- _DIRECTIONS FOR THIS TASK_
Word for word, set down every line of the entries below from the line with "NCIS I Love" to the line with "Yacamim B9 Mex", including both, and no other line.

*** Opening of MATERIAL PROVIDED ***

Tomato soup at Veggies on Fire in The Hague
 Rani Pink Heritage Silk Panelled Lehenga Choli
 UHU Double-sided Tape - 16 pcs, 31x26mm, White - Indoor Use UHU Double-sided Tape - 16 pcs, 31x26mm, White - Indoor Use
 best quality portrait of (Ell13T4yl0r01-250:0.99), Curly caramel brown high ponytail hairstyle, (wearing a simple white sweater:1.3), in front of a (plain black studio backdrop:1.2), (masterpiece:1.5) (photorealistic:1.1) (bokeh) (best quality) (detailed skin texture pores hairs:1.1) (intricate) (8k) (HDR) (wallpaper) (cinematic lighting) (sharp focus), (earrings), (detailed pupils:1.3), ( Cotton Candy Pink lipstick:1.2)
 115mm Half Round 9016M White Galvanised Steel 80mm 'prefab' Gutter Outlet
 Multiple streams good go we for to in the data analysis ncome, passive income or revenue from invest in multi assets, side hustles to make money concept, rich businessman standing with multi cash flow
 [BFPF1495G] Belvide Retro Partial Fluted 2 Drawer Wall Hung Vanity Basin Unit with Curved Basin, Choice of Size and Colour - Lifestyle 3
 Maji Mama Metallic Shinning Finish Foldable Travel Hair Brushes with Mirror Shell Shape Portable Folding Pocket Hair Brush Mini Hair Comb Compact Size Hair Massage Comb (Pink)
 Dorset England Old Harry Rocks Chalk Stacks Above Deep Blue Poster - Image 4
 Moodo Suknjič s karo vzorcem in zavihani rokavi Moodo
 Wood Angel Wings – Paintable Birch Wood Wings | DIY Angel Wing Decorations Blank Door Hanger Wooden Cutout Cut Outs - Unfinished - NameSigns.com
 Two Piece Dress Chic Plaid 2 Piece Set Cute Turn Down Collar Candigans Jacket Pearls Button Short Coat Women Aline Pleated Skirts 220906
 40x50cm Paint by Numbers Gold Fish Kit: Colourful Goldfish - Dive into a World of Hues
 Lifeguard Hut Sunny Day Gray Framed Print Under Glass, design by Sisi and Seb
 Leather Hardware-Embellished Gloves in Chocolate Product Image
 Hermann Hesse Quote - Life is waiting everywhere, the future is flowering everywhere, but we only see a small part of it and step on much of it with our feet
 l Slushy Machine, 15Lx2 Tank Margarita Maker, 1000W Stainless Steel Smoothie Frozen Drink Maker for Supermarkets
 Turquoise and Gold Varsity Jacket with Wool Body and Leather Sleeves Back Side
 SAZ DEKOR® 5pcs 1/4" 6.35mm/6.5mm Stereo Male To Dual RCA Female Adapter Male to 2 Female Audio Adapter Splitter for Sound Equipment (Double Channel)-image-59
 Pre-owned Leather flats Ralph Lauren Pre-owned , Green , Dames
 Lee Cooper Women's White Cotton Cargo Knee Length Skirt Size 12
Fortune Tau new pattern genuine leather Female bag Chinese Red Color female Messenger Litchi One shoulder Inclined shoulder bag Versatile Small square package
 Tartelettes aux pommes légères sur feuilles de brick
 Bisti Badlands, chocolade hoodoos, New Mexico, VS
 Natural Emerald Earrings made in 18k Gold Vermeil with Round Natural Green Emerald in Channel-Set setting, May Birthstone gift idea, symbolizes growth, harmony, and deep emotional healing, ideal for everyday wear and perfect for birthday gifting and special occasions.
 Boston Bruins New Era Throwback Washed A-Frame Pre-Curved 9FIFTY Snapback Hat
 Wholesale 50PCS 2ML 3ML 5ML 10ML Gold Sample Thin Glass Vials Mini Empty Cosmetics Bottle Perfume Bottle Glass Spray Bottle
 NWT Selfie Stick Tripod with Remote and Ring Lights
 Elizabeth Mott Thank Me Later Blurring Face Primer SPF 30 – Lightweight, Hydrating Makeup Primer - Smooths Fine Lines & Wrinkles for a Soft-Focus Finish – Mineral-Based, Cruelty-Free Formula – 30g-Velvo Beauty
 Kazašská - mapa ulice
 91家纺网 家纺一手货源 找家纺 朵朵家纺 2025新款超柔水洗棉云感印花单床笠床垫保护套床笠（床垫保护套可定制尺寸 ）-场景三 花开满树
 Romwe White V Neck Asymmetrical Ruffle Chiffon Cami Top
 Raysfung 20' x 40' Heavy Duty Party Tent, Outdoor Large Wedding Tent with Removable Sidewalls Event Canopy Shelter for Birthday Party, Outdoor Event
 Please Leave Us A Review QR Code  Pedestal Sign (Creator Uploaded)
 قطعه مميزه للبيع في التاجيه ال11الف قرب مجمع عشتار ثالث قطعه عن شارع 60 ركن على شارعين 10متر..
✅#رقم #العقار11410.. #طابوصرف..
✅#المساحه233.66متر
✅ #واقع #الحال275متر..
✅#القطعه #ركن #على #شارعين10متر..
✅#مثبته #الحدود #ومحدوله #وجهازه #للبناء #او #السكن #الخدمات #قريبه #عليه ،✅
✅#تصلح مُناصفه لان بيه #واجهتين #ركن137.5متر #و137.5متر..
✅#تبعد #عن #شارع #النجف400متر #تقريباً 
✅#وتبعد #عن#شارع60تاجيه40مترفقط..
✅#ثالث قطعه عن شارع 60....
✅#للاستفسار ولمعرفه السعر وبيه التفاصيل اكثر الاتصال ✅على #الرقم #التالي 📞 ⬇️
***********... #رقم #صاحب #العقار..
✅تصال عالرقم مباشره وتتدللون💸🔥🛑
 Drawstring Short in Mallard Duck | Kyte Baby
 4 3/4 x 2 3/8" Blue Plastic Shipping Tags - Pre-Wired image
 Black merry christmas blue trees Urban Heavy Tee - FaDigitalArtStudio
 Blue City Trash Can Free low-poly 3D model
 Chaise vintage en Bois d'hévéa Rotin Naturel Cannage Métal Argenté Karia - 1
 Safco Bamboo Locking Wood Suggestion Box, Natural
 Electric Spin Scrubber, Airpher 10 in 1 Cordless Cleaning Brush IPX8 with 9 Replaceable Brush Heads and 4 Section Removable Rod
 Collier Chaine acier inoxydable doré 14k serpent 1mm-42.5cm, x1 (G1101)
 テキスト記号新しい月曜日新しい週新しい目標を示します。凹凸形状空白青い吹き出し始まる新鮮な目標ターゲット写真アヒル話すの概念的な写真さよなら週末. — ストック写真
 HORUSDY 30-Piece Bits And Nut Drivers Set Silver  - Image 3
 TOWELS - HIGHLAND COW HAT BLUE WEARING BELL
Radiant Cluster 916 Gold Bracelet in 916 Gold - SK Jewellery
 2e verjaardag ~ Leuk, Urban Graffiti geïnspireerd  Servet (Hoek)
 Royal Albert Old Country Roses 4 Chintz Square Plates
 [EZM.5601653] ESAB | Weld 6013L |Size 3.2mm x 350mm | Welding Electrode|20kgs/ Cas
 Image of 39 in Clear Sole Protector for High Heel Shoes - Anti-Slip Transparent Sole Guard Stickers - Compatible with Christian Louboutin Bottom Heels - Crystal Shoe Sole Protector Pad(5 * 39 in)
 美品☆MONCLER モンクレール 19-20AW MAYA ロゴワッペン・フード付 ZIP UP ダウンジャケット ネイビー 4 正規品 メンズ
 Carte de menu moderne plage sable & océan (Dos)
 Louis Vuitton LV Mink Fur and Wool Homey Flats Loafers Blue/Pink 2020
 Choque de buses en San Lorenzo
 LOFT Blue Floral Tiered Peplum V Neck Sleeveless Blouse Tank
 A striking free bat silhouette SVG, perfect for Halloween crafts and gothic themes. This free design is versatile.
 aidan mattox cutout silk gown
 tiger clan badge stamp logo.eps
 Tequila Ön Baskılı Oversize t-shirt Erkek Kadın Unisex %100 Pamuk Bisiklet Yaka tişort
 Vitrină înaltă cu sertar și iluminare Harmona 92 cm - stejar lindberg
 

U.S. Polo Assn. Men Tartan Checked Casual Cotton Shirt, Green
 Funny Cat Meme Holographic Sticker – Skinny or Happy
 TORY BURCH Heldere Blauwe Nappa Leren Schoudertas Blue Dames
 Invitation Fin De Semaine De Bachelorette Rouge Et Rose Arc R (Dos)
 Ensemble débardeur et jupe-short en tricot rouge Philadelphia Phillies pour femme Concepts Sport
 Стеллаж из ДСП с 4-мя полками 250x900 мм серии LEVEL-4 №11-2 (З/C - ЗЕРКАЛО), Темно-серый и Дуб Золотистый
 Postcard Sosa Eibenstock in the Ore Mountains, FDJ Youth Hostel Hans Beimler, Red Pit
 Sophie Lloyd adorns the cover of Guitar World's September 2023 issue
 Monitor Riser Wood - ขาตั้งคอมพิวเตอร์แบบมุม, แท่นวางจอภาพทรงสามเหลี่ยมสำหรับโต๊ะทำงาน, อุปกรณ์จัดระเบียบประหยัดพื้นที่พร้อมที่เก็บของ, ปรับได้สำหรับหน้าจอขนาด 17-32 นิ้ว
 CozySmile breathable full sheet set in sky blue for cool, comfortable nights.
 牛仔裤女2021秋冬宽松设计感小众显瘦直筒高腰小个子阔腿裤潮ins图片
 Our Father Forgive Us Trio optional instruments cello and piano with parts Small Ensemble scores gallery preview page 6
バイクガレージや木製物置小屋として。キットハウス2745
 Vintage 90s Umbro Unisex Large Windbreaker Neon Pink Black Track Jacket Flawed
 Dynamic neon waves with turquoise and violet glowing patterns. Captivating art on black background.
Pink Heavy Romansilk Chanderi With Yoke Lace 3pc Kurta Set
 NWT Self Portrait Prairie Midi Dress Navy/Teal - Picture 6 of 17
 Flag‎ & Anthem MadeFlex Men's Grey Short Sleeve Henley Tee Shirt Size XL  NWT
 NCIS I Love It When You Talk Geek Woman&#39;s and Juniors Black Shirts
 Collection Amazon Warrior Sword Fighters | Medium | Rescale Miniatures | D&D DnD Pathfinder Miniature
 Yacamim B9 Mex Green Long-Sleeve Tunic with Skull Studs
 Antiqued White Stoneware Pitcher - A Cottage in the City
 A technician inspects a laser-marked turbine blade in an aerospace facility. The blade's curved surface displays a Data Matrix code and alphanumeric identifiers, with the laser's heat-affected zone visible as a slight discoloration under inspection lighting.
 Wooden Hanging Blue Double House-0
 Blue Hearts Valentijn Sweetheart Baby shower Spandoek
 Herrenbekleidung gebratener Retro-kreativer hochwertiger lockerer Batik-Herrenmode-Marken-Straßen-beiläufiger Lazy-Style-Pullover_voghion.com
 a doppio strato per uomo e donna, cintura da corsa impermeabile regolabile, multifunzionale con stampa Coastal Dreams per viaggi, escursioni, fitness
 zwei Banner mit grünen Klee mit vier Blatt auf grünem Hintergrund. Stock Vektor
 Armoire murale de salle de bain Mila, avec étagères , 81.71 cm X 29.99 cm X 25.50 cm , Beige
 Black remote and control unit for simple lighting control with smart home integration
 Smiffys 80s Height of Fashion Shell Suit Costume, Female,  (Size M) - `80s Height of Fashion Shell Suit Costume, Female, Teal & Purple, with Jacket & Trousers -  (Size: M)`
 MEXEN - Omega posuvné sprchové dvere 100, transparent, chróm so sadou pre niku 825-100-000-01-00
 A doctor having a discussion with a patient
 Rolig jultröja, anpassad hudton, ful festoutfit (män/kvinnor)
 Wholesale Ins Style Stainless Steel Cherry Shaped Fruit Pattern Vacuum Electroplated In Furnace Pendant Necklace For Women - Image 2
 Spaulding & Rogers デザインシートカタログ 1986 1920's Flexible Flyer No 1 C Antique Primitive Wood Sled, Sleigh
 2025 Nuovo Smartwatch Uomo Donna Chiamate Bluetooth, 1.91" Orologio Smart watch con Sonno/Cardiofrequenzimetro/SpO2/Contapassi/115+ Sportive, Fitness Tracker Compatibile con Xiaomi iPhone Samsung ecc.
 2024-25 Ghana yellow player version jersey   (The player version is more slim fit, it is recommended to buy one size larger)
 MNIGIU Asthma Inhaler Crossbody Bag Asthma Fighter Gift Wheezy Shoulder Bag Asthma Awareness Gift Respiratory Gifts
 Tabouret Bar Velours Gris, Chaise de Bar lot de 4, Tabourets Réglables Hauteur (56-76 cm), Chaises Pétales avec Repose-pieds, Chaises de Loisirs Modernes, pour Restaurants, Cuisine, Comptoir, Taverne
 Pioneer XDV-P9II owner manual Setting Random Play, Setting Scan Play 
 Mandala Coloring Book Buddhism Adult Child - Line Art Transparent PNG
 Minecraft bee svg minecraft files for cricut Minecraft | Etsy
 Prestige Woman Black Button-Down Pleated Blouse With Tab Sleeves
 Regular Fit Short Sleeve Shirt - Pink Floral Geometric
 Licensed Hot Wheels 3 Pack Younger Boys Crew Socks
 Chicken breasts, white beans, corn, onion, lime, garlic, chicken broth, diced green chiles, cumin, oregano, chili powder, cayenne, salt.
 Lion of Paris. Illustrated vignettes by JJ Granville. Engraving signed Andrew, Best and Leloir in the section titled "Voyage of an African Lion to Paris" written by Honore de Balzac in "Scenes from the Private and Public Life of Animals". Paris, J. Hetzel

*** Close of MATERIAL PROVIDED ***

- _SOLUTION BELOW_
 NCIS I Love It When You Talk Geek Woman&#39;s and Juniors Black Shirts
 Collection Amazon Warrior Sword Fighters | Medium | Rescale Miniatures | D&D DnD Pathfinder Miniature
 Yacamim B9 Mex Green Long-Sleeve Tunic with Skull Studs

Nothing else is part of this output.